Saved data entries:
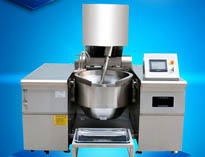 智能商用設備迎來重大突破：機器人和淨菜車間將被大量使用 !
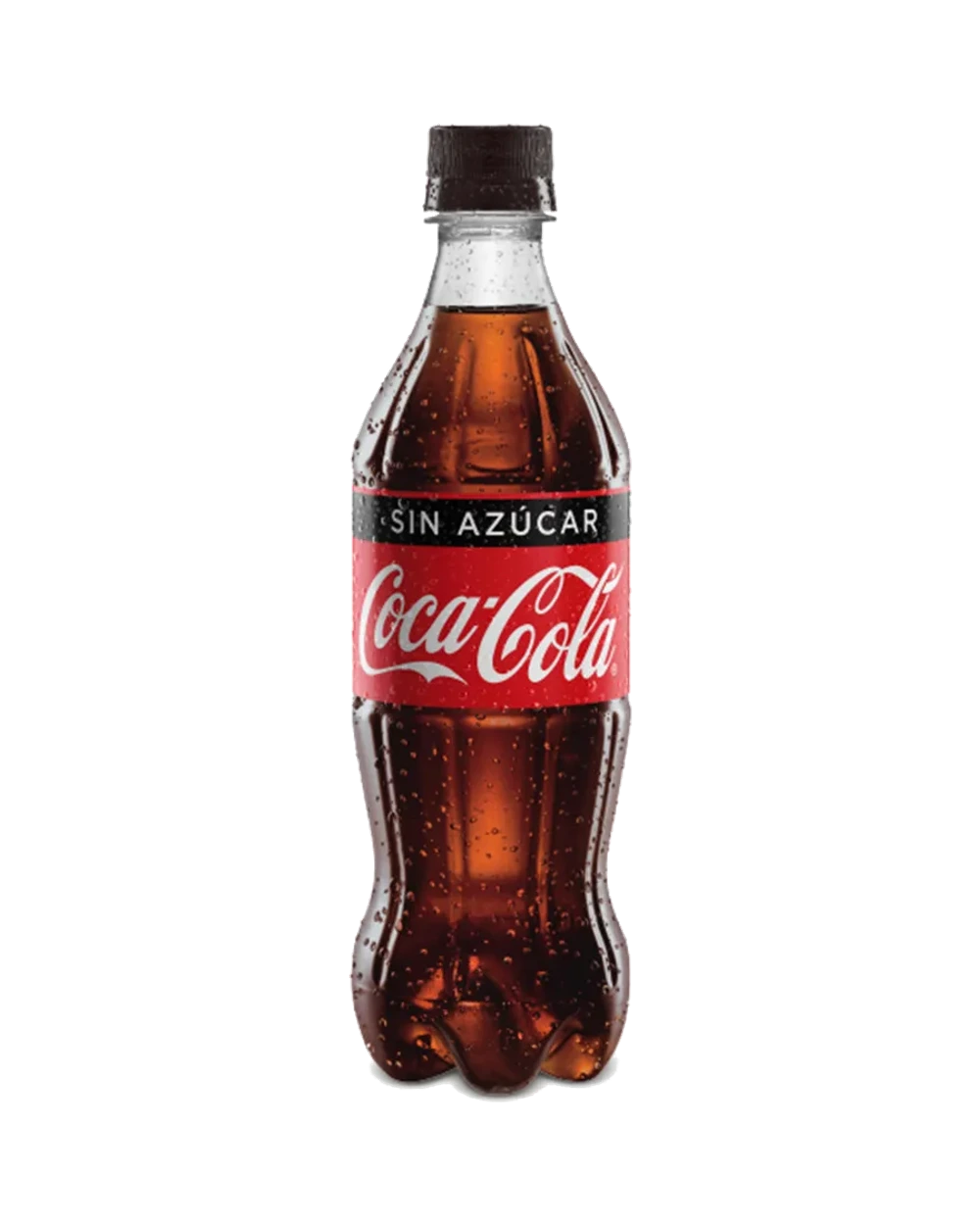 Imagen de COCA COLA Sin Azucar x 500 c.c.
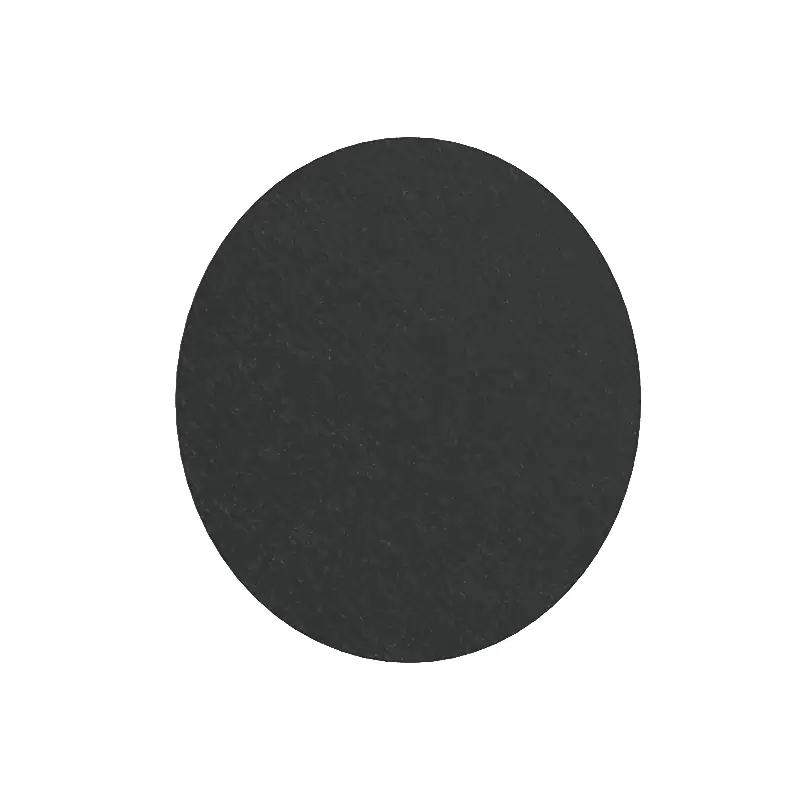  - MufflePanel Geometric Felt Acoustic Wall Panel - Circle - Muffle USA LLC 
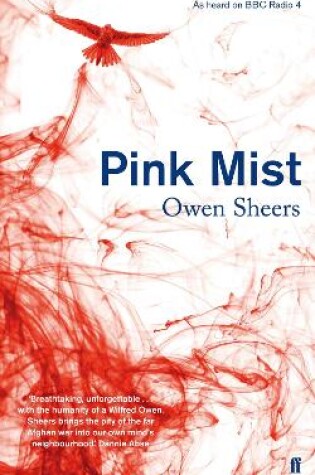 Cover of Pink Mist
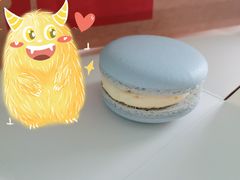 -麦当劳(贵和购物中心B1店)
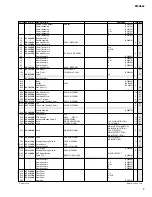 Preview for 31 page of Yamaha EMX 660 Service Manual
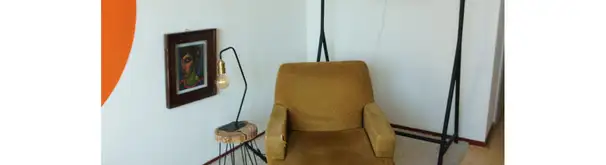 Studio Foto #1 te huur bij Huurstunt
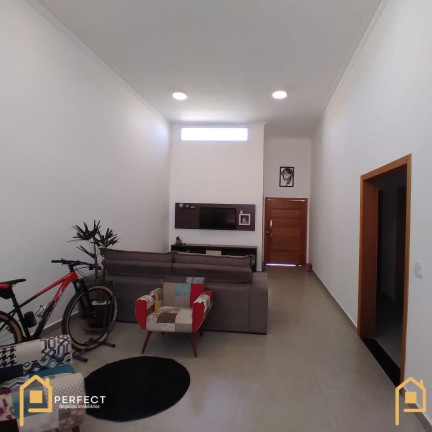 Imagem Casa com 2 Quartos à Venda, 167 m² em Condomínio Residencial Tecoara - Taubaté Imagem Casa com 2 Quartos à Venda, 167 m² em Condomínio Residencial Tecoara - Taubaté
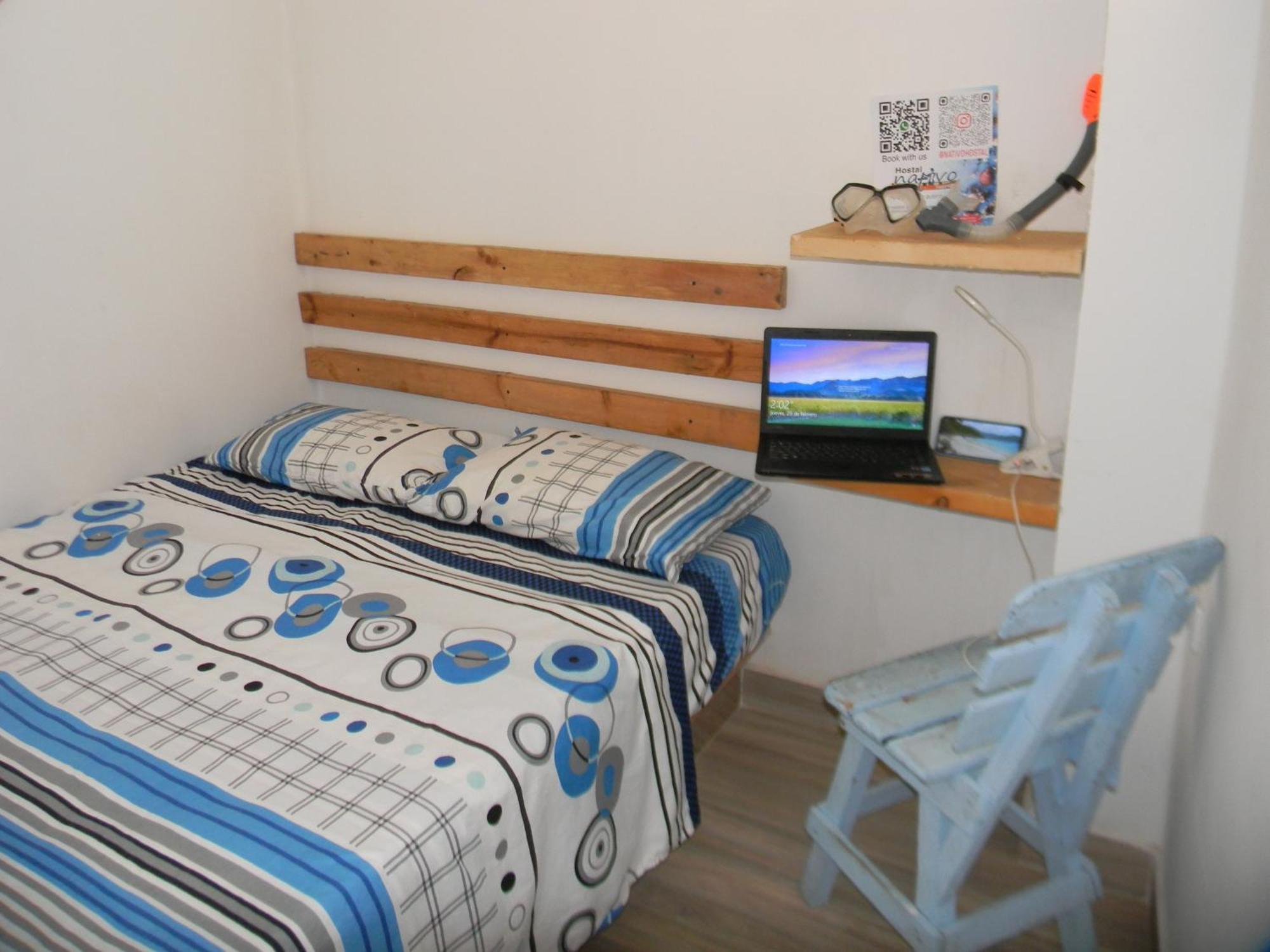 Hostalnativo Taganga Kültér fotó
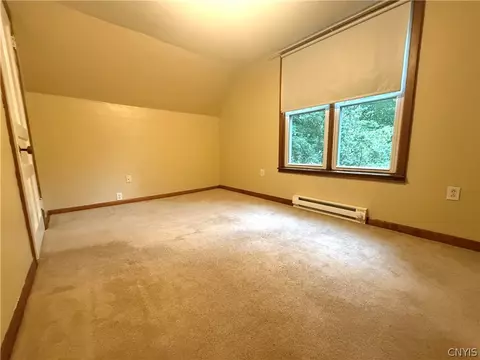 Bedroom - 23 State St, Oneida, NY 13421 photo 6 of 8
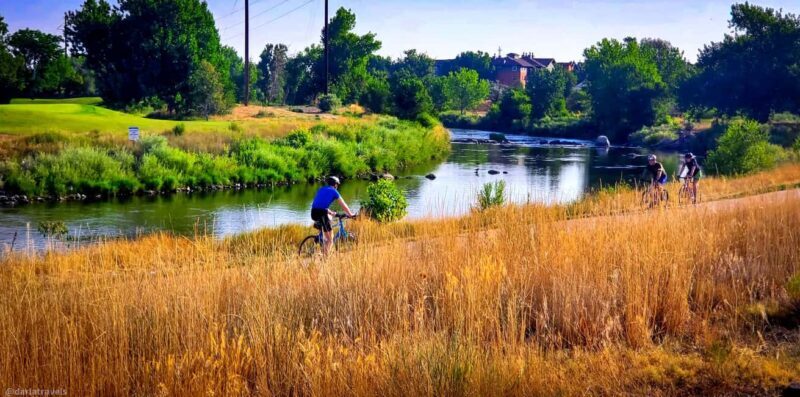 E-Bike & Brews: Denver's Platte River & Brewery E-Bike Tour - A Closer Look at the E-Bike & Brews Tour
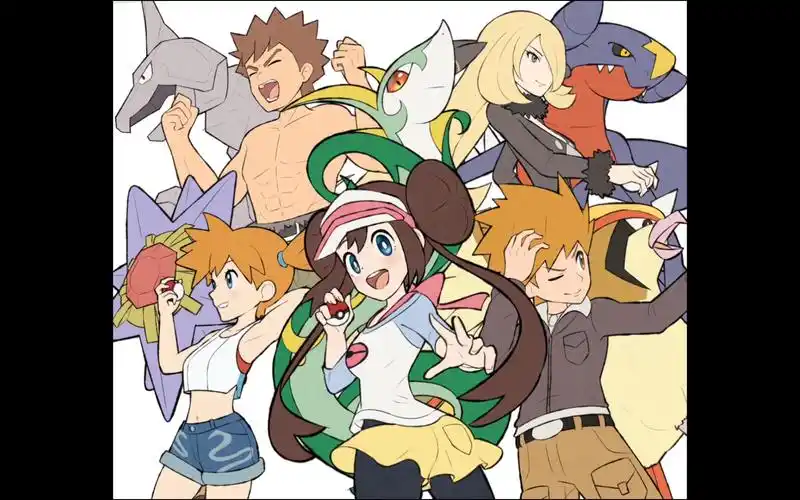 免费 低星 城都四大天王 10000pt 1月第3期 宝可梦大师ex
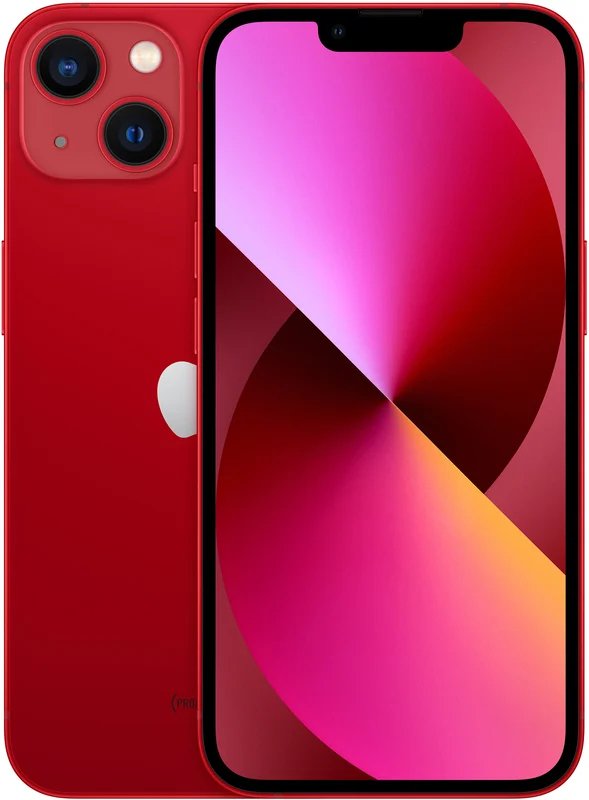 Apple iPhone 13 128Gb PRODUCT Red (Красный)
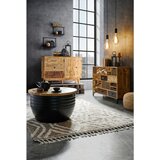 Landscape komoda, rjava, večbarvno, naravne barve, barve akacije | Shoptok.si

(WHAT IS NEEDED):
All of the data above should be printed again exactly, though none of the pictures belong in the copy.

(ANSWER TO THIS PROBLEM):
 智能商用設備迎來重大突破：機器人和淨菜車間將被大量使用 !
 Imagen de COCA COLA Sin Azucar x 500 c.c.
  - MufflePanel Geometric Felt Acoustic Wall Panel - Circle - Muffle USA LLC 
 Cover of Pink Mist
 -麦当劳(贵和购物中心B1店)
 Preview for 31 page of Yamaha EMX 660 Service Manual
 Studio Foto #1 te huur bij Huurstunt
 Imagem Casa com 2 Quartos à Venda, 167 m² em Condomínio Residencial Tecoara - Taubaté Imagem Casa com 2 Quartos à Venda, 167 m² em Condomínio Residencial Tecoara - Taubaté
 Hostalnativo Taganga Kültér fotó
 Bedroom - 23 State St, Oneida, NY 13421 photo 6 of 8
 E-Bike & Brews: Denver's Platte River & Brewery E-Bike Tour - A Closer Look at the E-Bike & Brews Tour
 免费 低星 城都四大天王 10000pt 1月第3期 宝可梦大师ex
 Apple iPhone 13 128Gb PRODUCT Red (Красный)
 Landscape komoda, rjava, večbarvno, naravne barve, barve akacije | Shoptok.si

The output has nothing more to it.